有人问他乐观的原因,刘惔说:“我是从赌博来推测的。桓温是个很厉害的赌徒,没把握赢的绝不会下注。我担心的只是,桓温攻下四川之后,一定会总揽朝廷的大权了。”
[冯评译文]
刘惔每每赞赏桓温的才智,而且预知他有叛逆之心。他曾对会稽王昱说:“不可以使桓温处于形势险要之地。”王昱不听。后来桓温攻下四川,王昱才开始害怕桓温,而引用殷浩(长平人,字深源)来抗衡。[差多了。]从此渐渐互相猜疑,到殷浩北伐无功时,桓温已完全无法控制了。
265、杨廷和
【原文】
彭泽将西讨流贼鄢本恕等,入问计廷和。廷和曰:“以君才,贼何忧不平?所戒者班师早耳。”泽后破诛本恕等,奏班师,而余党复猬起,不可制。泽既发而复留,乃叹曰:“杨公之先见,吾不及也!”
[冯述评]
张英国三定交州而竟不能有,以英国之去也。假使如黔国故事,俾英国世为交守,虽至今郡县可矣。故平贼者,胜之易,格之难,所戒于早班师者,必有一番安戢镇抚作用,非仅仅仗兵威以胁之已也。
【译文】
明朝时彭泽(兰州人,字济物)率兵西讨流贼鄢本恕等人之前,问计于杨廷和(新郑人,字介夫)。杨廷和说:“以君主之命讨贼,还怕不能成功吗?唯一要留心的是:不要急着班师回朝。”

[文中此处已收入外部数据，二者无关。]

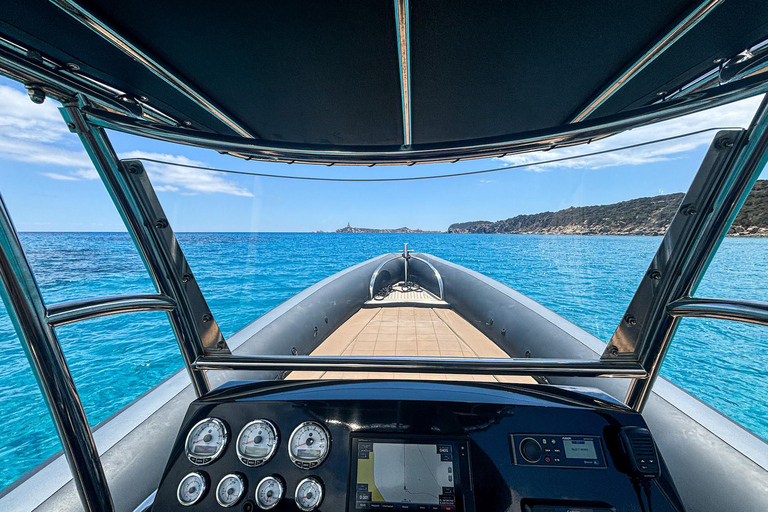Cagliari: Zodiac Boat Tour, 3-4 SwimStops, Wine & Snorkeling Cagliari: Zodiac Boat Tour, 3-4 Stops, Wine & Snorkeling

彭泽杀了鄢本恕等人后,奏报朝廷要班师回京。不料贼寇余党又纷纷作乱,无法控制。彭泽出发以后又留下来,于是叹息道:“杨公的先见之明,是我不如的。”
[冯评译文]
张英国三次平定交州,最后竟不能保,就是因为张英国离开当地的缘故。假使如彭泽讨贼的故事,使张英国世代为交州太守,则至今交州还是明朝的郡县。所以讨平贼寇很容易,要使他们改过不再作乱很难,因此得留心不要太早班师回来,指的便是要进行一番安抚的工作,不是只靠兵力打胜仗就能解决问题的。
266、卜偃
【原文】
虢公败戎于桑田,晋卜偃曰:“虢必亡矣!亡下阳不惧,而又有功,是天夺之鉴而益其疾也!必易晋而不抚其民矣,不可以五稔!”后五年,晋灭虢。
【译文】
虢公在桑田击败戎人,晋国卜偃说:“虢一定会亡国,下阳(虢地名)被晋国所夺而不担心,现在又战胜戎人,这其实等于是上天要灭亡虢国的鉴戒,而特别加重他的病情。往后虢公一定不把晋国的威胁放在眼里而不抚爱百姓。我想,不超过五年虢国一定灭亡。”
五年后,晋国灭虢。
267、士鞅
【原文】
晋士鞅奔秦。秦伯问于士鞅曰:“晋大夫其谁先亡?”对曰:“其栾氏乎?”秦伯曰:“以其汰乎?”对曰:“然。栾黡汰侈已甚!犹可以免,其在盈乎?”秦伯曰:“何故?”对曰:“武子栾书,黡之父,盈之祖。之德在民,如周人之思召公焉,爱其甘棠,况其子乎?栾黡死,盈之善未能及人,武子所施没矣,而黡之怨实章,将于是乎在!”秦伯以为知言。
【译文】
晋国士鞅投奔秦国,秦伯问士鞅说:“晋大夫哪一家会先灭亡?”
士鞅说:“大概是栾氏吧。”
秦伯说:“因为他奢侈吗?”
士鞅说:“是的。栾黡已经奢侈得太过分了,但一时还不会灭亡,灭亡应该会在他儿子栾盈手上吧!”
秦伯问:“何以见得?”
士鞅说:“武子(栾书,黡的父亲)生前对人民有恩泽,这就像当年召公有恩于人民,人民连他生前所种的甘棠树都爱护有加,何况是他的亲生儿子?所以尽管栾黡不成材,人民还不忍心背弃。等到栾黡一死,他的儿子栾盈不能施恩给人民,武子遗留下的恩泽又差不多消磨殆尽了,加上对栾黡的怨恨记忆犹新,所以我认为栾氏将在栾盈手中灭亡。”
秦伯认为他的言论很有远见。
268、楚蒍贾
【原文】
楚子将围宋,使子文治兵于睽,终朝而毕,不戮一人。子玉复治兵于蒍,终日而毕,鞭七人,贯三人耳。国老皆贺子文。蒍贾尚幼,后至,不贺。子文问之,对曰:“不知所贺。子之传政于子玉,曰:‘国也,以靖诸内而败诸外,所获几何?子玉之败,子之举也。举以败国,将何贺焉?子玉刚而无礼,不可以治民;过三百乘,其不能以入矣。苟入而贺,何后之有?”及城濮之战,晋文公避楚三舍,子玉从之,兵败自杀。
【译文】
春秋时楚君将围攻宋国,派子文(楚人,名斗谷于菟)在睽地练兵,子文只花一个早晨就完成,没有惩罚任何一个士兵。子文后来派子玉(名成得臣)在蒍地练兵,子玉一整天才完成,鞭打七个人,刺穿三人的耳朵。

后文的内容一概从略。